*** Opening Working data ***

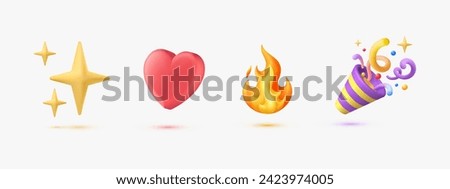 3d emoji party popper, love, sparkles and flame icon illustration design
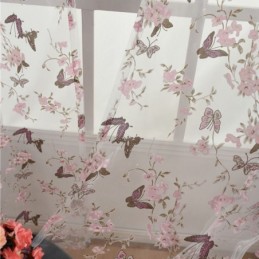 Cortinas De Tule Com Estampa De Flores De Borboleta, Decoração De Janela, Cortina De Voile Feita Sob Medida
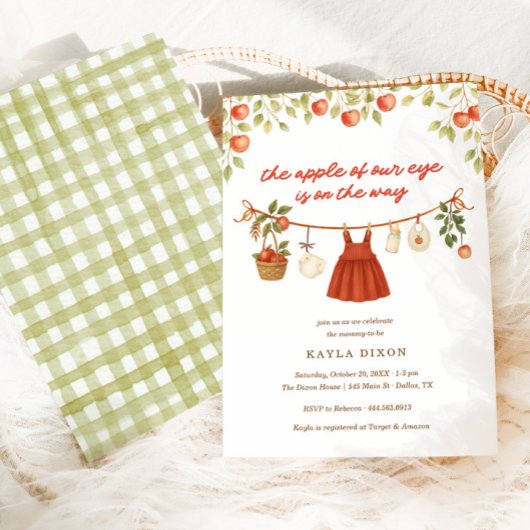 私たちの目の中のリンゴ オータム フォール ベイビー シャワー 招待状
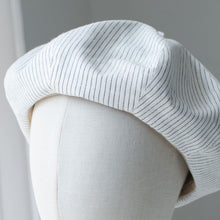 Load image into Gallery viewer, Oversized Spring Summer Stripped Linen Beret for Women and Girls.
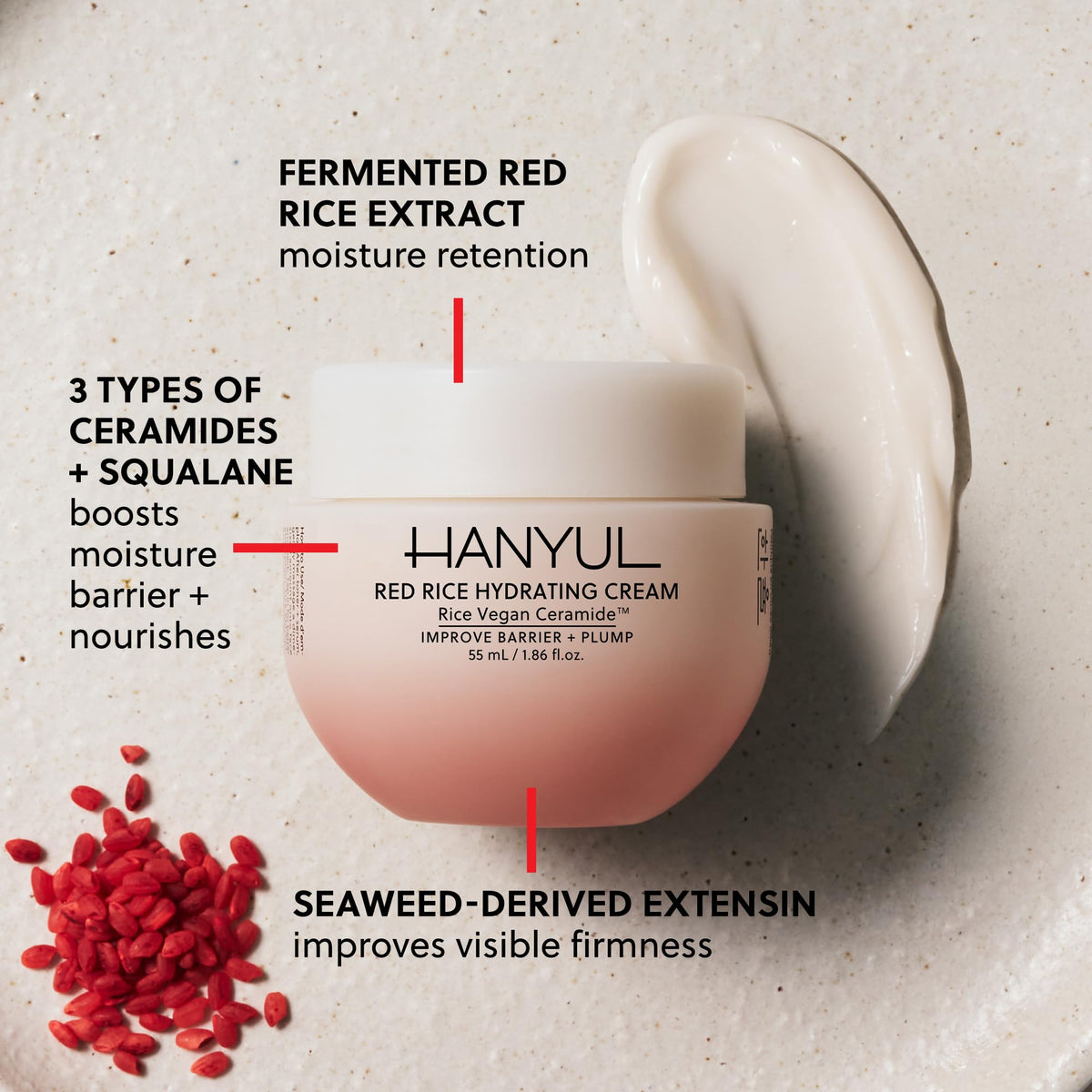 Hanyul Red Rice Hydrating Cream with Fermented Rice Extract & Ceramides | Korean Moisturizer for Plumping Hydration, Radiant Skin Glow, Firming & Barrier Support | For All Skin Types | Vegan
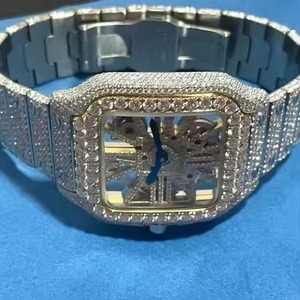 Iced <b>Skeleton</b> Quartz <b>Watch</b> Full Pave CZ Stainless Steel Square Dial <b>Men's</b> Fashion Wristwatch - Product Image 1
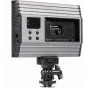 Bresser PT 15B LED bi‑color compact light with rear control panel, open battery compartment and cold shoe mount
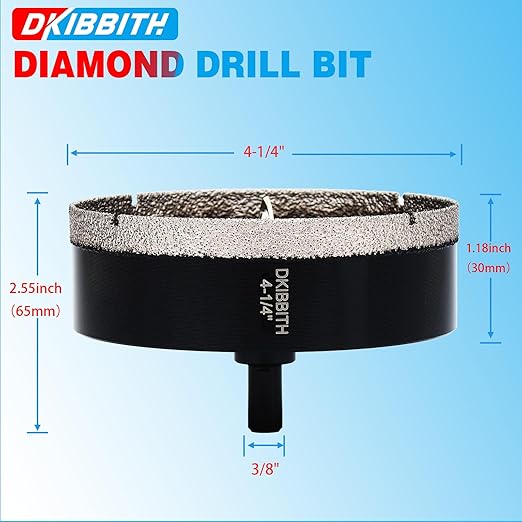 4-1/4" Diamond Hole-Saw Bits with Pilot Drill Bit 4-1/4 in Diamond Tipped Tile Hole Saws with Guiding Bit for Accurate Drilling, for Porcelain Tile Ceramic Pottery Granite Stone Glass Bottles 110mm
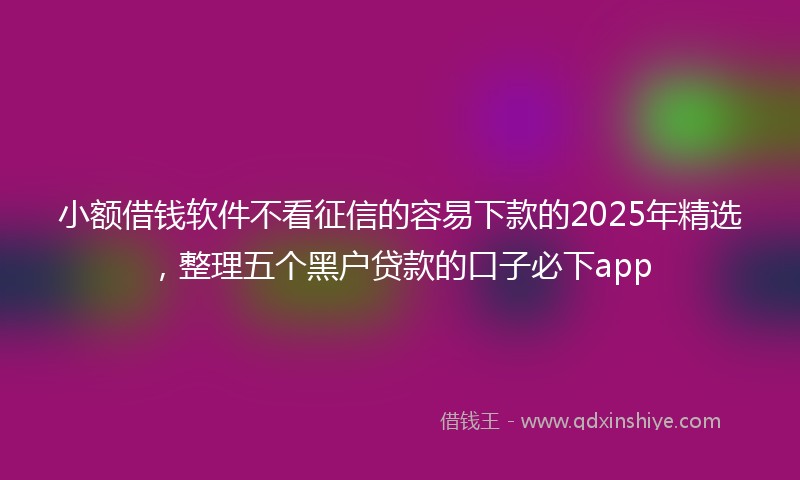 小额借钱软件不看征信的容易下款的2025年精选，整理五个黑户贷款的口子必下app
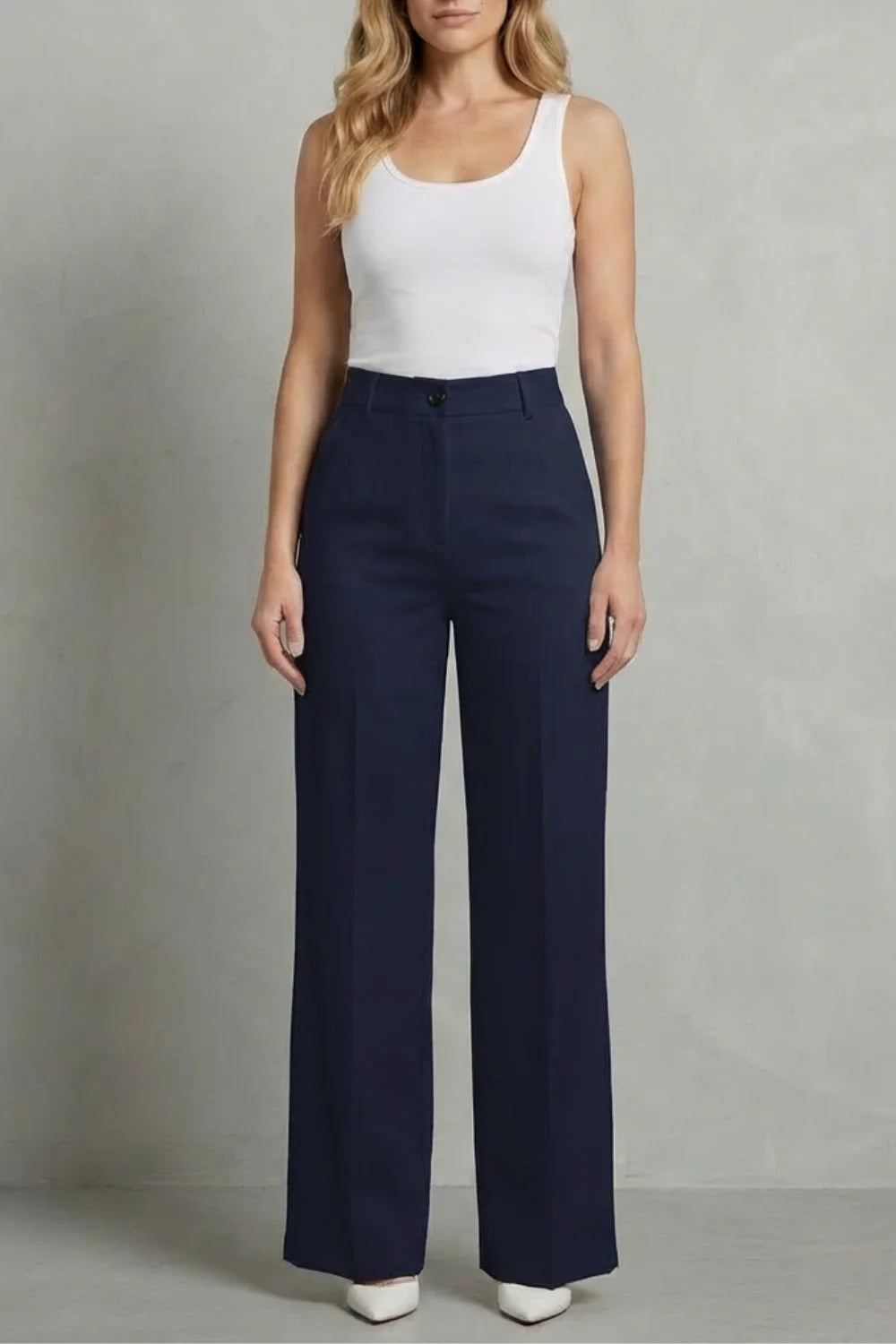 Women's high waisted straight leg winter tailored trousers in Navy blue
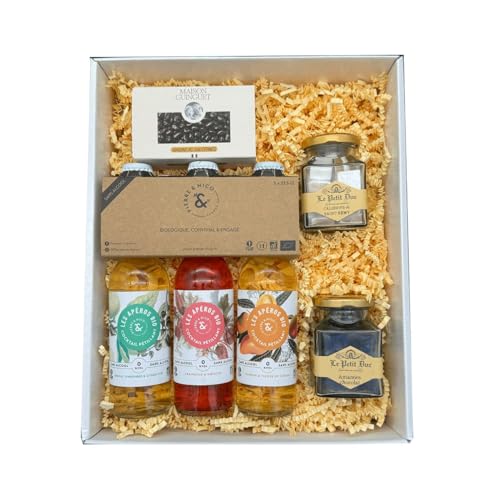 Coffret blanc : Pierre et Nico : Cocktails sans alcool + Raisin Sauternes + Amandes au chocolat & Calissons von Wine And More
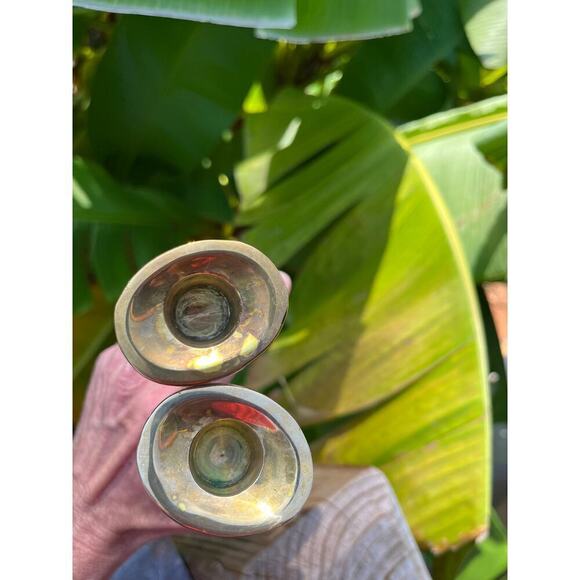 Vintage Solid Brass Candlestick Holders. tall. heavy. matching oval top & bottom - Picture 5 of 9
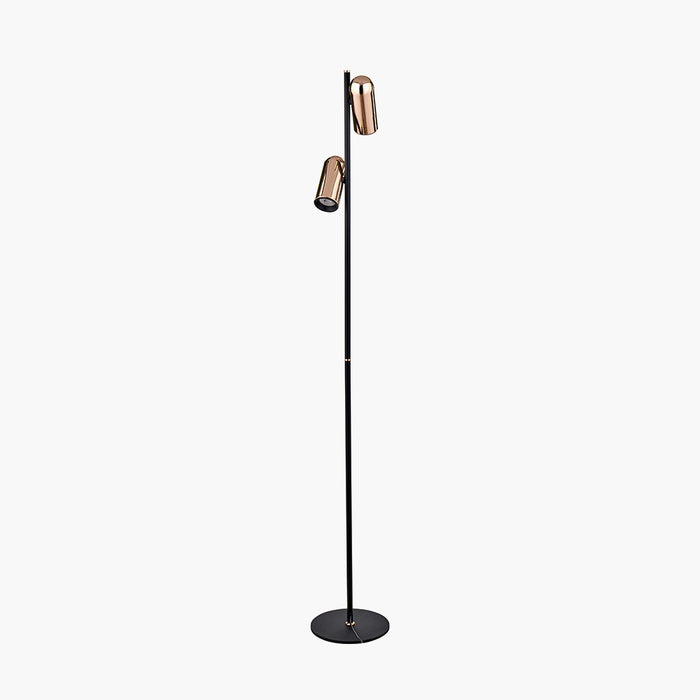 Xena Black and Rose Gold Metal LED Floor Lamp with Adjustable Two Heads - 151cm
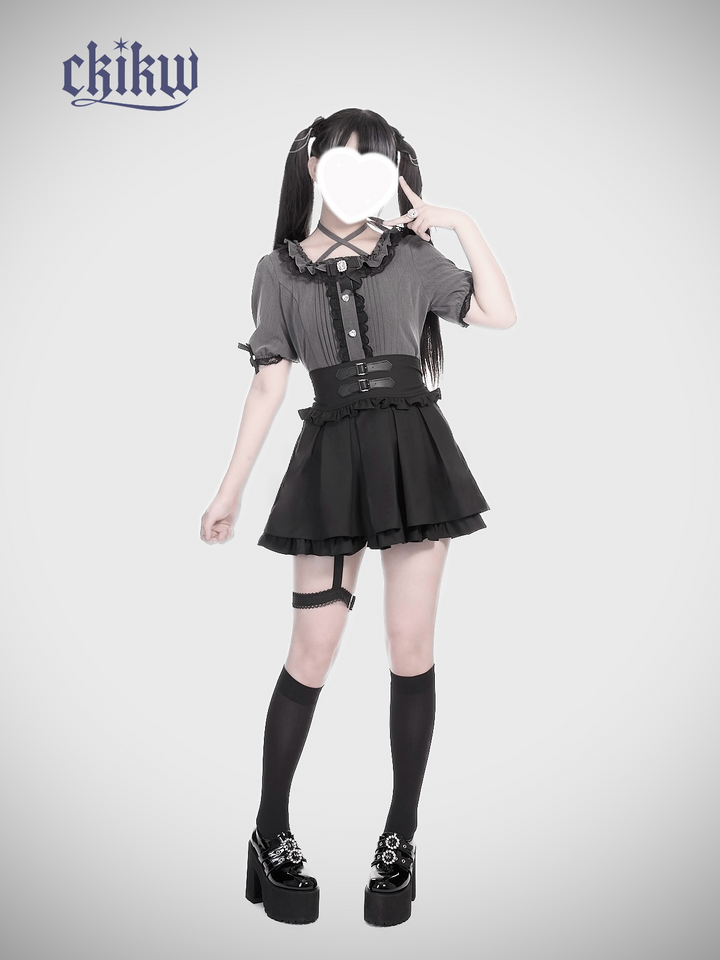 High Waist Jirai Kei Skirt, Adjustable Garter 43610:780650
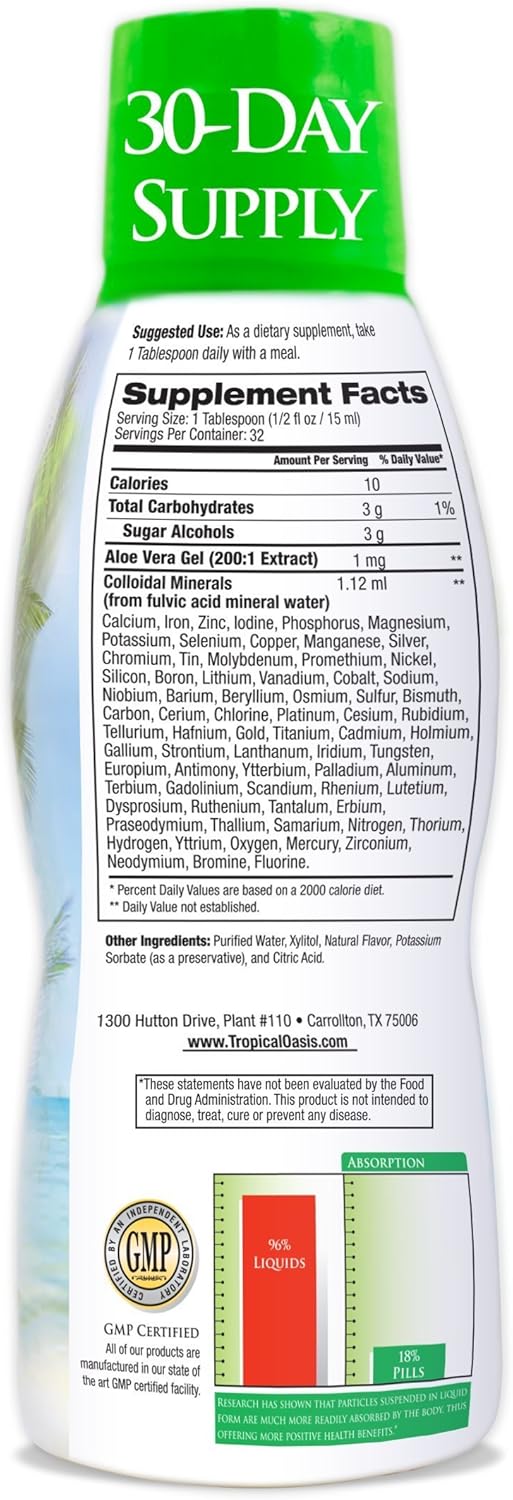 Tropical Oasis - Premium Ionized Plant Based Trace Minerals Liquid Formula- 74 essential minerals in liquid form for up to 96% Absorption - 16 oz, 32 servings: Health & Personal Care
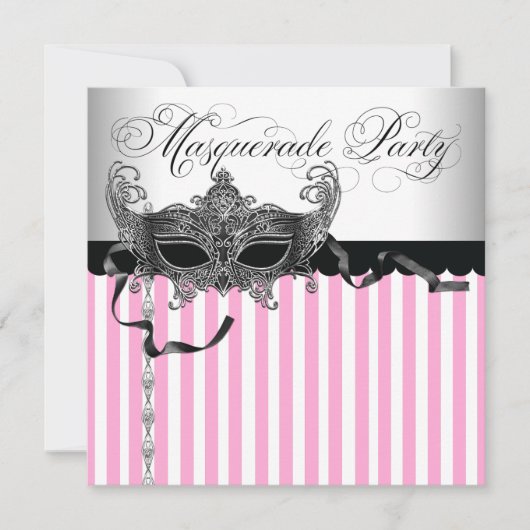 Roze uitnodigingen voor Black Masquerade-feestje (Voorkant)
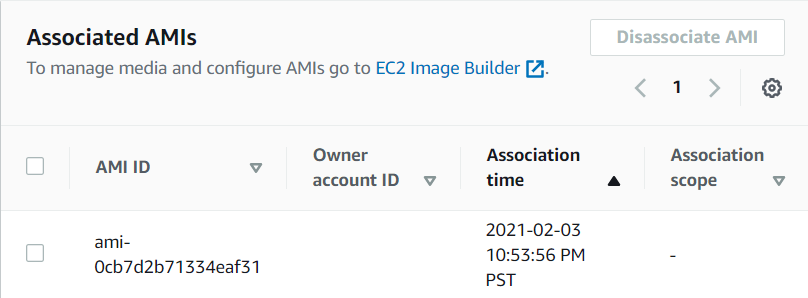 An example of the license configuration after associating the private AMI.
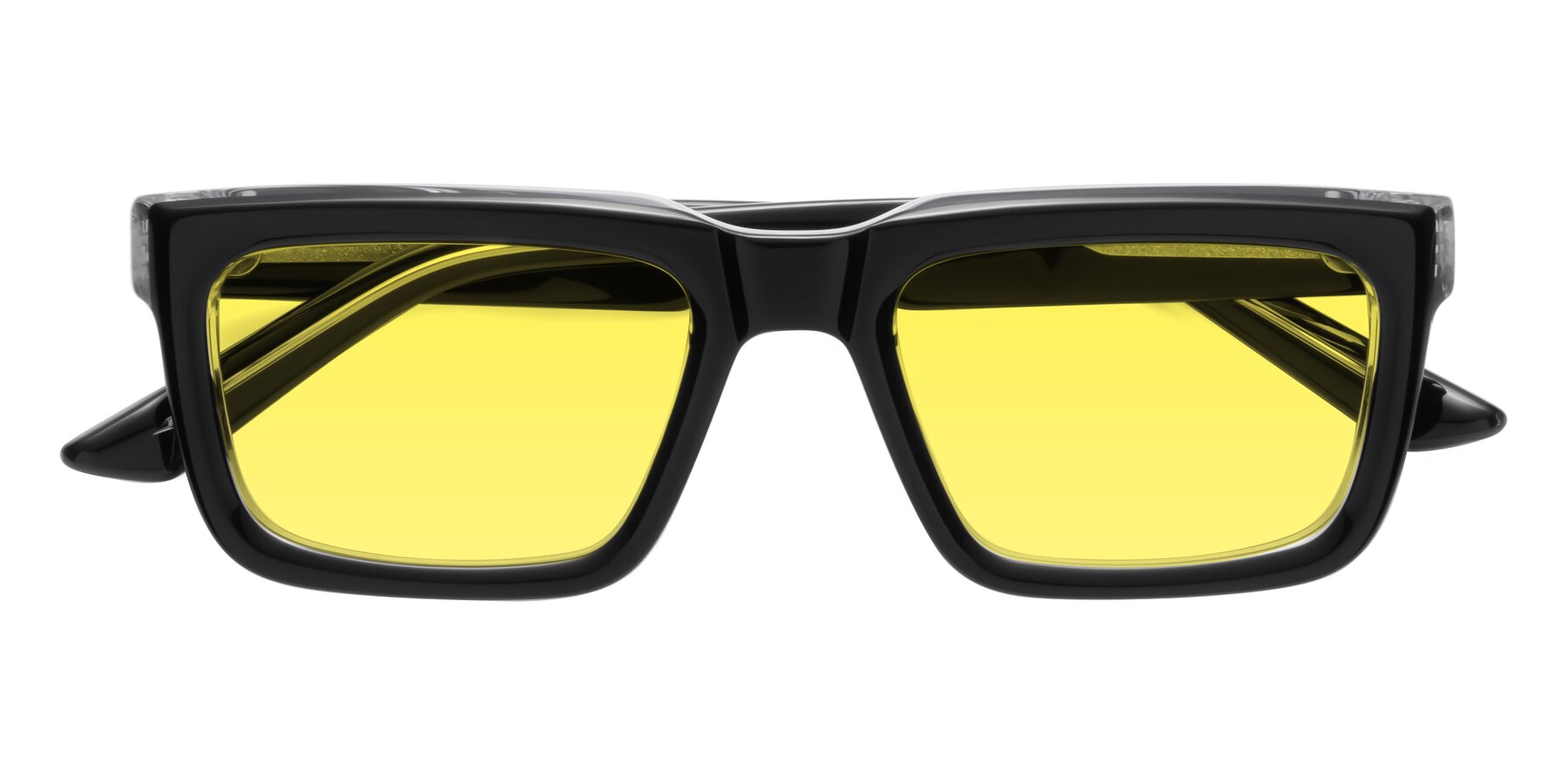 Folded Front of Roth in Black-Clear with Medium Yellow Tinted Lenses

*** Closing Working data ***

What needs to be done: Exactly as written, reproduce the lines from the one containing "An example of" through the last line of the entries above, and leave every picture out.

Final answer:
 An example of the license configuration after associating the private AMI.
 Folded Front of Roth in Black-Clear with Medium Yellow Tinted Lenses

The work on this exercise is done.